Wednesday, October 21, 2009

Inaccuracies in Communication

  I think that a primary cause of a great many conflicts nowadays is the apparent inability to translate our thoughts into words. We mean to say one thing, but what comes out of our mouths can sometimes sound quite different. These miscommunications can lead to disagreements, which can lead to arguments, which can lead to all-out fights. It seems like people are in such a hurry to get on with their lives that they can not take the time to communicate properly with those around them.

  The pace at which we tend to lead our lives, with all of our activities, commitees, meetings and other time commitments, seems to push us into rushing through everything that isn't currently a top priority.
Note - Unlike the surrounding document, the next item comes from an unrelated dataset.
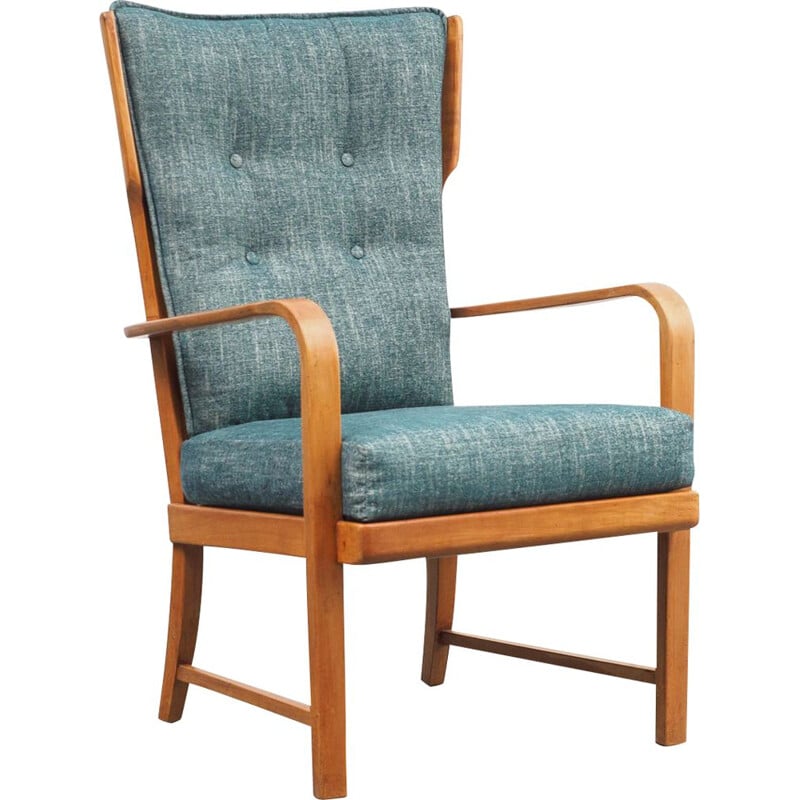 Fauteuil vintage en noyer avec haut dossier des années 1950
It's rare, nowadays, to have a full conversation with anyone. We develope social 'short-hand,' methods of shortening conversations, ostensibly to save time but in reality it quite frequently leads to problems. Person 'A' begins a sentence, person 'B,' believing they know what person 'A' is saying, interrupts with a comment. Person 'A' interjects a comment into the middle of that, and you're off to the races, each trying to explain what they're really trying to say.

  Before you know it, the conversation is over, with neither person having quite completely apprehended what the other was saying. Wouldn't it be an absolute treat to sit down with someone for a meal, and have a conversation where each person actually listens to the other, and where each person takes the time to think about what they are trying to get across? A conversation where each person takes a moment to choose their words with care, in order to lead the listener to the point they wish to make?
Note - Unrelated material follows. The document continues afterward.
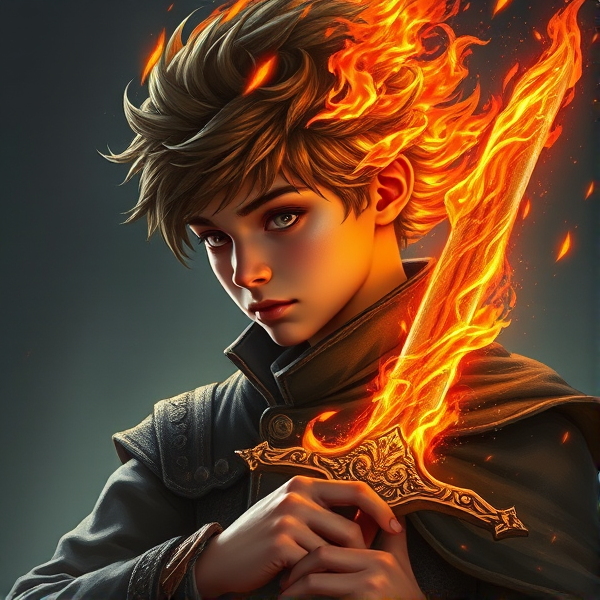A Boy with fire for hair and is holding a sword with flames going off it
  Really, that kind of conversation is a sign of mutual respect, a demonstration of self-restraint. Even though you may believe you know where your friend is directing the conversation, exercise good manners, listen to what they are saying, and think before you reply. Yes, it takes a bit longer, but ultimately, it's much more productive, once you get the hang of it.

Monday, October 19, 2009

The English language

The English language seems to be broken. More and more often, I find my attention drawn to what people are saying and comparing that to what they actually mean. I am not talking about Geek-speak, LOL-speak, texting, tagging, etcetera, I'm talking about the person on the street who thinks that they are using words in an intelligible fashion.

The problem arises, I think, from the changable nature, the adaptability of english. People use words which they believe mean a certain thing, when in acuality, they mean something quite different.

Take, for example, the following sentences. 'That was such a great [insert event here], it was incredible. It really blew my mind.' In the first place, had your mind really been 'blown,' I don't believe you'd have enough cognitive function left to appreciate this article, and in the second place, if the [event] was not credible, then why are you saying it was great?

People use the word incredible to describe something that is wondrous or very highly thought of. That is not what incredible means, though.

Incredible - Not believable, not credible, beyond belief or understanding.

So, it seems that a person is trying to say how much they enjoyed an event, but what their words say is that the event was beyond understanding, not to be believed. This may sound like a good thing, but don't describe a witness' testimony in court as 'incredible,' unless you mean that they were not being truthful, of course!